One proposed solution is to offer the commonly used online driver’s education, Drivers Ed, classes as part of the high school curriculum. While it addresses a real problem of a license being difficult to get, the problem is small enough and the costs high enough that it is not worth it for Berkeley High School students.
The principle problem with Drivers Ed in schools is that it’s simply too costly. Offering any new class at a school costs money, but offering driving classes would be even more expensive. It would require hiring driving teachers, curriculum, and cars for students to practice with.
Worrying about this may seem miserly. How can one put a price on education? But offering new classes will force cuts in other areas. Berkeley Unified School District (BUSD) will soon have to make 1.8 million dollars in budget cuts to reduce it’s 2.4 million dollar deficit. Many programs and staff members will have to be cut, and high spending on driving class will only require more cuts to compensate for. The question is not whether driving lessons are important, but rather whether they are more important than school counselors, lowering class sizes, or arts education.
Not only are classes expensive, it’s doubtful they would be used. Many students lack the space in their schedules for driving courses. They might want to take Drivers Ed, but refrain because the course doesn’t align with their academic goals.

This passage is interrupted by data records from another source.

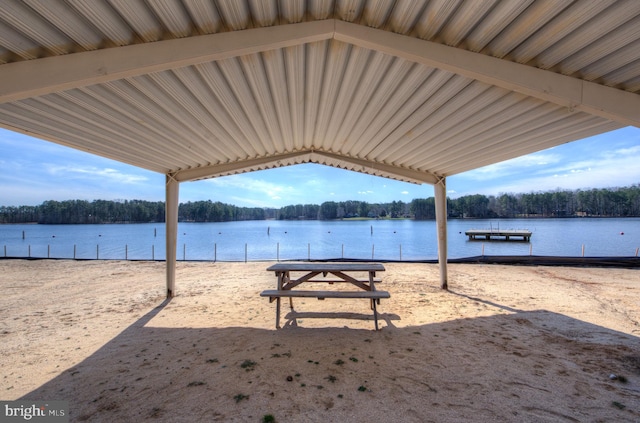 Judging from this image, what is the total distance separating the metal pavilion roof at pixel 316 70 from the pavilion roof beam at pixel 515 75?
0.01 m

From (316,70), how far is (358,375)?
387cm

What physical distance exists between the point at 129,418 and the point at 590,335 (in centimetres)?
655

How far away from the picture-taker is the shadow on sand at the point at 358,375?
266cm

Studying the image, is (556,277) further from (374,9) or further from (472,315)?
(374,9)

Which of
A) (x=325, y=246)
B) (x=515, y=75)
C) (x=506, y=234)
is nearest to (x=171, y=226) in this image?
(x=515, y=75)

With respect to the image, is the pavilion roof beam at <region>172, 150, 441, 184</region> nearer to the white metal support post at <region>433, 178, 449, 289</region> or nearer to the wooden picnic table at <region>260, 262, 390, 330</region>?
the white metal support post at <region>433, 178, 449, 289</region>

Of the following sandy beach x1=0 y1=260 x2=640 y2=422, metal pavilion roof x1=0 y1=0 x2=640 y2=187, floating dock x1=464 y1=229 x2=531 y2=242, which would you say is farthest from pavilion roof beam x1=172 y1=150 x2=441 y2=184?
floating dock x1=464 y1=229 x2=531 y2=242

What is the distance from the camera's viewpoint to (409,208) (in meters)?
106

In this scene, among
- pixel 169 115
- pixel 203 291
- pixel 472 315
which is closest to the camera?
pixel 169 115

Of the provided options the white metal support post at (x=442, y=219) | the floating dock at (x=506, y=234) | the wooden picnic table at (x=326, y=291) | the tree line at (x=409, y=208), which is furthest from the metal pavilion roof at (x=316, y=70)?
the tree line at (x=409, y=208)

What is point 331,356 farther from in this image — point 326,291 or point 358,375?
point 326,291

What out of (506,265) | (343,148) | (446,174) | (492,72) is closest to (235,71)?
(492,72)

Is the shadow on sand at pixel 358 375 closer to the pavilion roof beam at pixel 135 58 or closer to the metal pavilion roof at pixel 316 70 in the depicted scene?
the metal pavilion roof at pixel 316 70

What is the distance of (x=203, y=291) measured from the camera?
7.57m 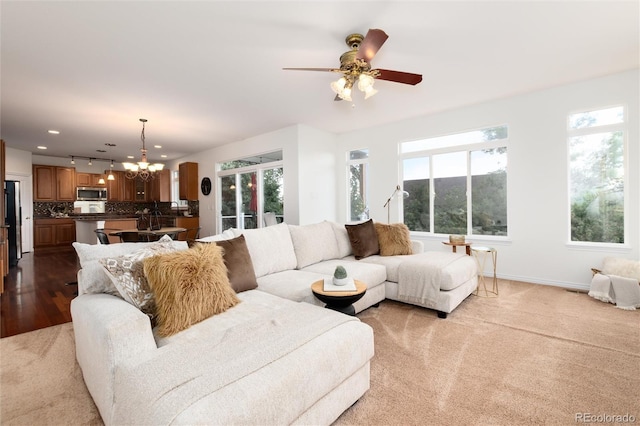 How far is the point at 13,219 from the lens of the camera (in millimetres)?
6270

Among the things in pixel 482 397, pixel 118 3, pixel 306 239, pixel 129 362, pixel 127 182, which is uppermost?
pixel 118 3

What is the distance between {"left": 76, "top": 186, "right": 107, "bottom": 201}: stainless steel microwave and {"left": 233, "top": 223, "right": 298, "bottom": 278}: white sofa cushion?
8.07 meters

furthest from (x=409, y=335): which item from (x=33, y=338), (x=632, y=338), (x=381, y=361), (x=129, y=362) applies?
(x=33, y=338)

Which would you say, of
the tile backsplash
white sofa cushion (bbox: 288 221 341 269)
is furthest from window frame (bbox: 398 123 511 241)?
the tile backsplash

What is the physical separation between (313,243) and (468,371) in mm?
1964

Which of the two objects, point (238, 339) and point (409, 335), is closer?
point (238, 339)

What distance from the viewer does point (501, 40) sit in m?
2.71

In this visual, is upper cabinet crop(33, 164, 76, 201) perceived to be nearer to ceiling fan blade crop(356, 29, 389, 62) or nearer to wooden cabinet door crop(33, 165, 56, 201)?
wooden cabinet door crop(33, 165, 56, 201)

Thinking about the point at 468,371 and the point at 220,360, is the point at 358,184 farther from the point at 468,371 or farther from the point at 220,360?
the point at 220,360

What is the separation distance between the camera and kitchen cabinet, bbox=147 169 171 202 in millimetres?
8602

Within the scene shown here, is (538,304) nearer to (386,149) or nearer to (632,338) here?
(632,338)

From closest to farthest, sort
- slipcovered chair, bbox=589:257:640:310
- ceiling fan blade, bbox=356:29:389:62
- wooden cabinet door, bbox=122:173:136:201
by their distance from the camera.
→ ceiling fan blade, bbox=356:29:389:62 → slipcovered chair, bbox=589:257:640:310 → wooden cabinet door, bbox=122:173:136:201

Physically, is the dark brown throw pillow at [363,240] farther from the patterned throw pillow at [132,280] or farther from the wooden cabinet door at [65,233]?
the wooden cabinet door at [65,233]

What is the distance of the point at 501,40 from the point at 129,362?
3.75 m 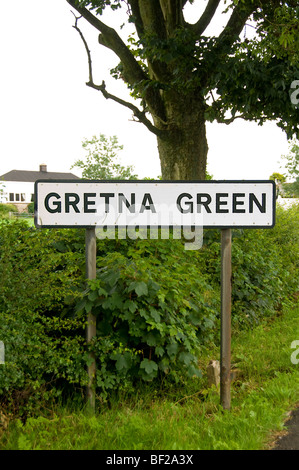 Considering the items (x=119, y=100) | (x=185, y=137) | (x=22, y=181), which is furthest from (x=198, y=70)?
(x=22, y=181)

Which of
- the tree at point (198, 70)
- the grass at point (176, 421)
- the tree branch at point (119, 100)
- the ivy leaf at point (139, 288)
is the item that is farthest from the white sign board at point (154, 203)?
the tree branch at point (119, 100)

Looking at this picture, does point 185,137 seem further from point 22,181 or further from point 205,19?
point 22,181

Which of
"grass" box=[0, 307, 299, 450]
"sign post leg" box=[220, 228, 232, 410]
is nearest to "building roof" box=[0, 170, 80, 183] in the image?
"grass" box=[0, 307, 299, 450]

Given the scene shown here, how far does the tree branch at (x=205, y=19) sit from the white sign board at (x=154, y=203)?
24.5ft

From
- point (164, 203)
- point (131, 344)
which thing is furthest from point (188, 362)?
point (164, 203)

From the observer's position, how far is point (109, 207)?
4.41 meters

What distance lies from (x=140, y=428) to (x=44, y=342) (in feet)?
4.61

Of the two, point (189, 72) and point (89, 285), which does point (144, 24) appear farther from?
point (89, 285)

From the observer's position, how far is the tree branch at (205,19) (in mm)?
10789

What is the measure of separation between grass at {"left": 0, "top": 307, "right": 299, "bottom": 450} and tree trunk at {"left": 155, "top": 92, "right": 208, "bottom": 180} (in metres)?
5.66

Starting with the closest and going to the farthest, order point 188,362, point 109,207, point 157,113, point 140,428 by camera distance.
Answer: point 140,428
point 109,207
point 188,362
point 157,113

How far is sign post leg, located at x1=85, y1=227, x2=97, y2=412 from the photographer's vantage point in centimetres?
436

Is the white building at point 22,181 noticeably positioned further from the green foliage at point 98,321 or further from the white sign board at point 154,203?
the white sign board at point 154,203

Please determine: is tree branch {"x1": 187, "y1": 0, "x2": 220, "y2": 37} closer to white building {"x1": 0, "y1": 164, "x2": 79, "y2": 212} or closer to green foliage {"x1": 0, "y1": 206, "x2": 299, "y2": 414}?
green foliage {"x1": 0, "y1": 206, "x2": 299, "y2": 414}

Is it actually that important for all people to have access to a license? Luckily, cars are not the only method of transportation in the Bay Area. Many teenagers get around by BART, on buses, bikes or with Uber.
It might be easier for some students if they learned to drive, but it would not be much easier than it already is. On top of that, not all students have access to a car. For those students, these classes would do absolutely nothing. It certainly would not make enough of a difference to justify the expense of the program that relatively few students would use.
Making driver’s education more accessible is a commendable idea. Lack of accessibility, although real, is not a massive problem. It certainly does not warrant pressing down the finances of our already cash-strapped schools for benefits that are marginal at best.